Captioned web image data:
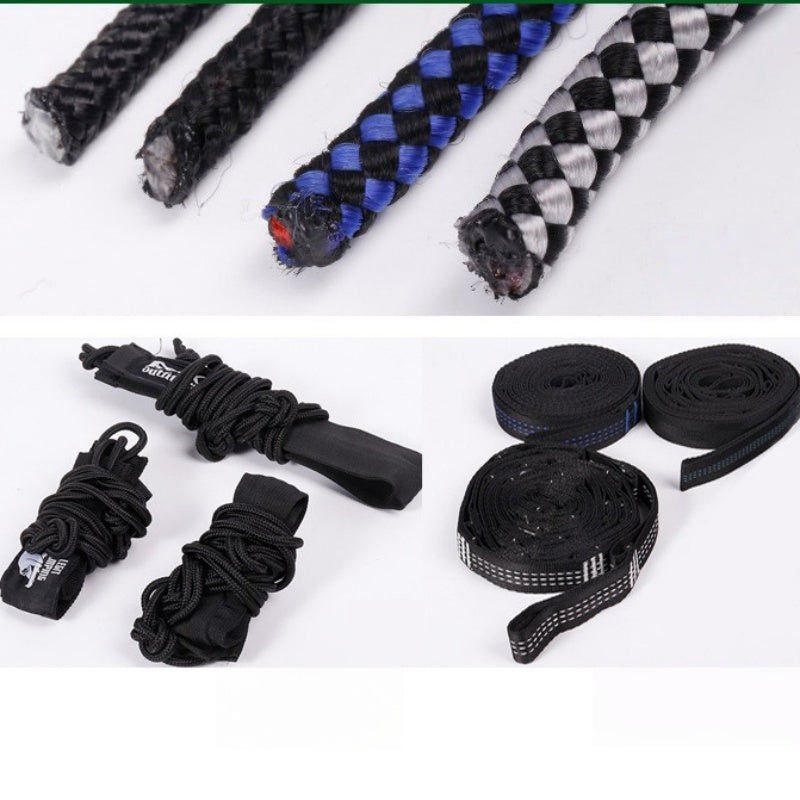 Portable Parachute Fabric Hammock with Steel Stand, 3 m Tree Straps, 440 lbs Capacity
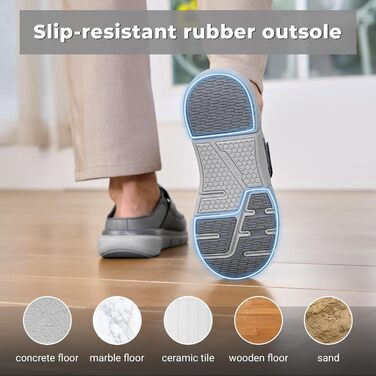 Домашні тапочки чоловічі FitVille для літніх людей та з широкою стопою, сліпони на липучці, розмір 41-50 (43 EU, сірий)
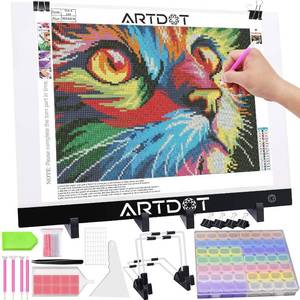 lot 20448 image: ARTDOT A3 LED Light Pad for Diamond Painting, USB Powered Light Board Kit, Adjustable Brightness with Diamond Painting Tools Detachable Stand and Clips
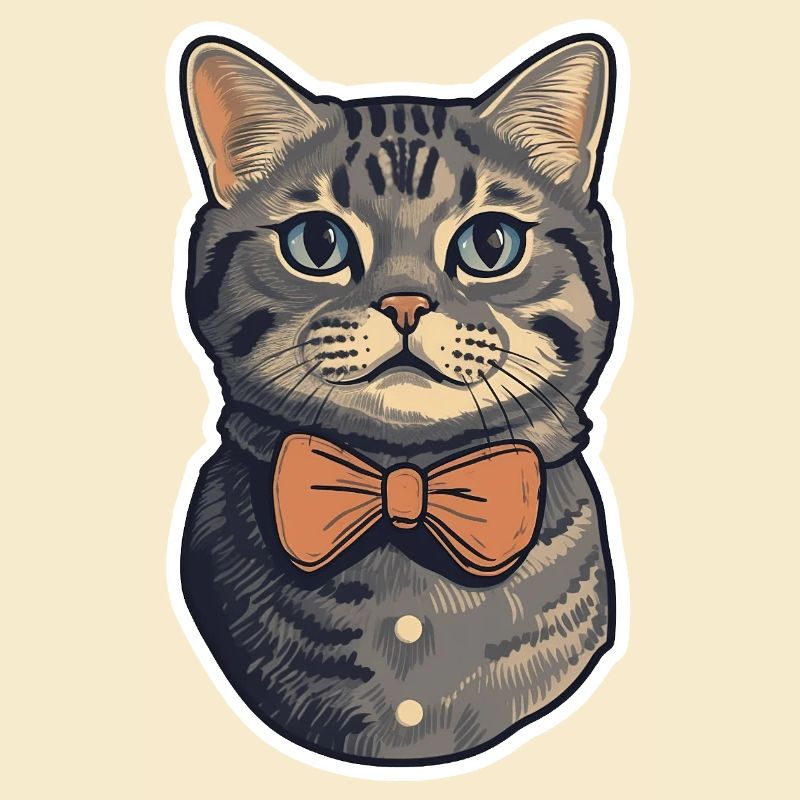 A cute cat wearing a bowtie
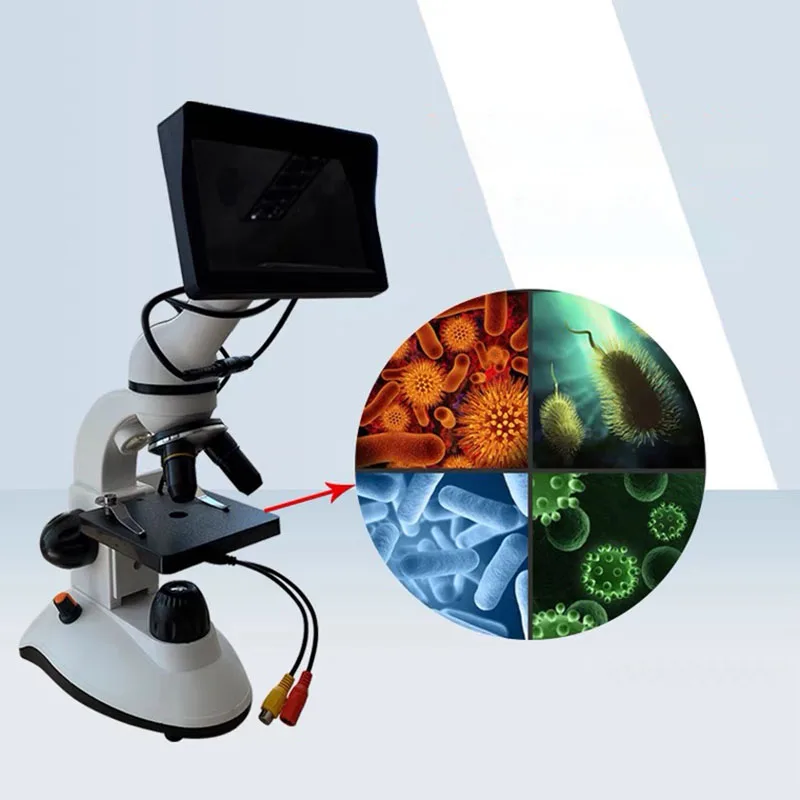 

Professional Mites Sperm biological Lab Digital Microscope Led + electronic eyepiece + 4.3-inch LCD screen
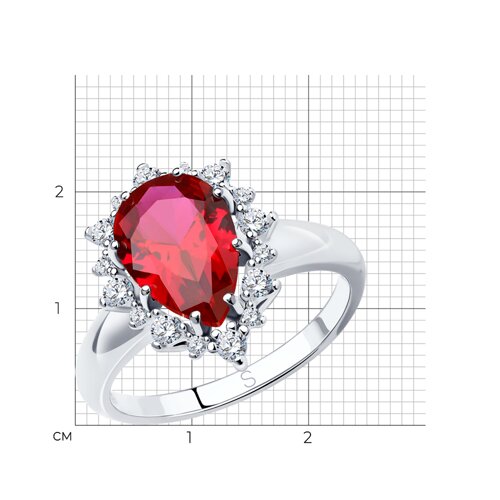 Кольцо из серебра с корундом рубиновым (синт.) и фианитами из серебро — вид 5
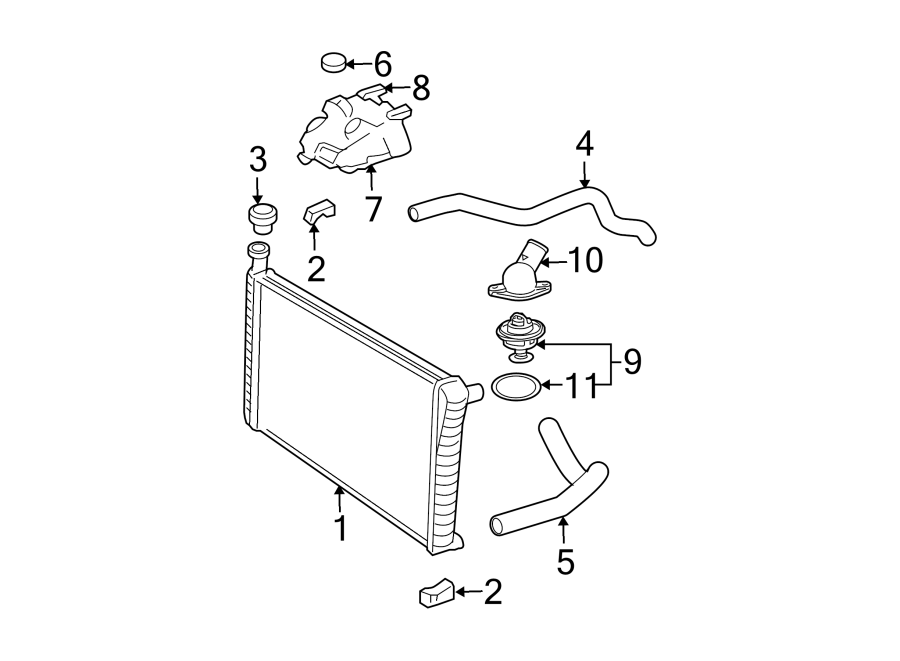 Diagram RADIATOR & COMPONENTS. for your 2022 Chevrolet Blazer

#### Work to complete
When pictures appear in the records above, leave them out and reproduce exactly each line from the first through the line containing "A cute cat wearing a bowtie", both included.

#### Solved exercise
 Portable Parachute Fabric Hammock with Steel Stand, 3 m Tree Straps, 440 lbs Capacity
 Домашні тапочки чоловічі FitVille для літніх людей та з широкою стопою, сліпони на липучці, розмір 41-50 (43 EU, сірий)
 lot 20448 image: ARTDOT A3 LED Light Pad for Diamond Painting, USB Powered Light Board Kit, Adjustable Brightness with Diamond Painting Tools Detachable Stand and Clips
 A cute cat wearing a bowtie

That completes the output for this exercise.